The Neverending Summer Continues!

The Neverending Summer Continues!

Greetings, weather folks!  I’m back from my five-day road trip to Southern Oregon and Northern California.  As a kid I got to drive through the area several times during family visits to relatives in the Bay Area.  But I never got the chance to really explore the region…until now.  Since this is a weather blog and not a travel journal, I’ll keep it short and sweet.  Here are the highlights:

  1.  A visit to Grants Pass to reconnect with an old friend.
  2. The Oregon Vortex.
  3. The extremely scenic Applegate Valley.
  4. A hike on Upper Table Rock north of Medford.
  5. Ashland and Lithia Park.
  6. Mount Ashland, up to the ski area.
  7. The site of the devastating Mill Fire in Weed, California.
  8. Several waterfalls in the Shasta-Trinity National Forest.
  9. Whiskeytown Lake west of Redding (cover photo).
  10. Lots of photos of palm trees and other warm-climate flora in Redding.
Shasta County Courthouse in Redding, California. Been a couple decades since I saw date palms in person!

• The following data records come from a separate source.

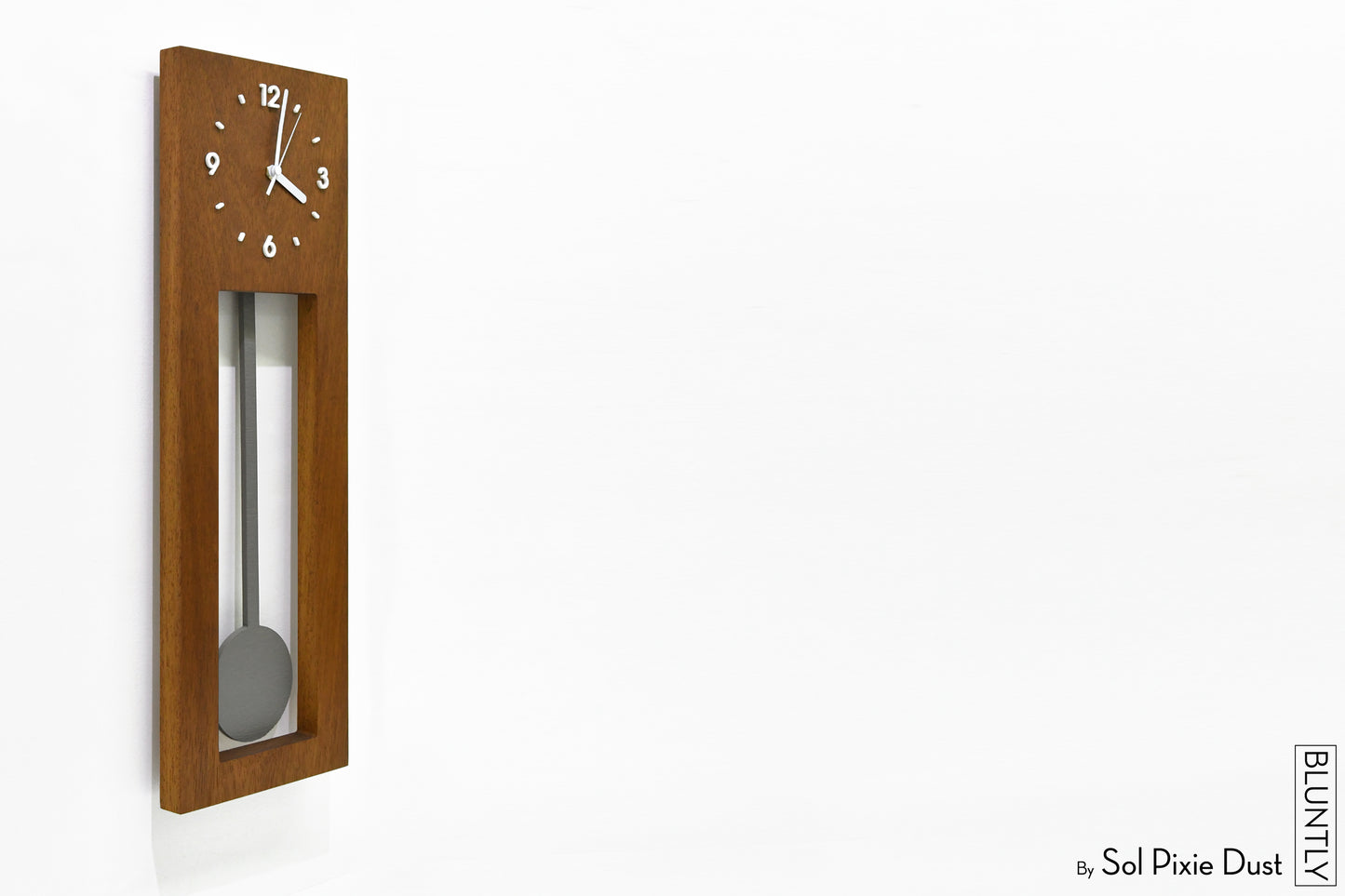 Bluntly Modern Design Solid Iroko Wood - Grandfather Pendulum - Wall Clock / Table Clock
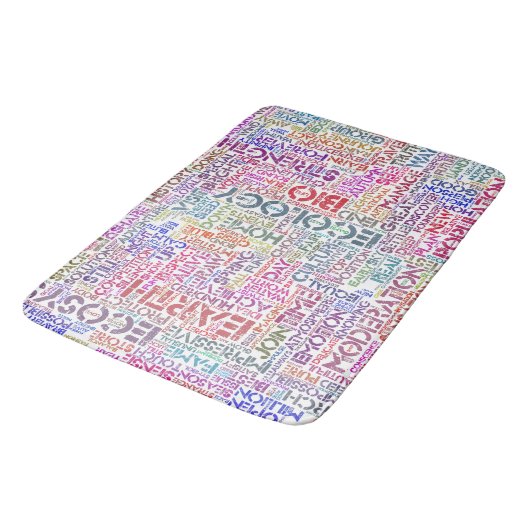 Tapis De Bain Bio Nuage de Mots Texte Motif Biodiversité (Angle)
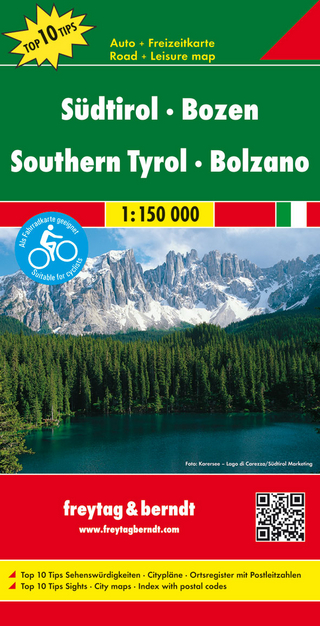 Südtirol - Bozen, Autokarte 1:150.000, Top 10 Tips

Now I’m back in Vancouver and the weather is…unusually warm to say the least.  PDX airport has hit at least 88 degrees today, making it the warmest October day in 34 years.  The lower sun angle makes these temperatures feel especially nasty, since the sun is hitting you sideways.  By the way…September 2022 clocked in at 69.5F, beating the 2014 record by a whopping 1.9 degrees!

And the summer-like weather shows no sign of abating.  For the last few days, THIS is what the long-range models have looked like:

Image Source: weathertogether.net/model

Temperatures at the 5,000 foot level are expected to hover between 15 and 17 degrees Celsius for the next 7-8 days at least.  In contrast, normal 850mb temps in early October are around 8-10 C.  Models are showing a chance of rain by the time we hit mid-October, but….they’ve been showing long-range precip repeatedly for several weeks now, and every time it has fallen apart as the timeframe approaches.  The CPC outlook for 8-14 days out does not look encouraging if you want it cool and wet:

Image Source: cpc.ncep.noaa.gov

So our extremely warm and dry fall is expected to continue until further notice.  This isn’t unheard of, but it is very unusual – only about once every 10-20 years do we make it to mid-October without a single soaking rain event in Portland-Vancouver.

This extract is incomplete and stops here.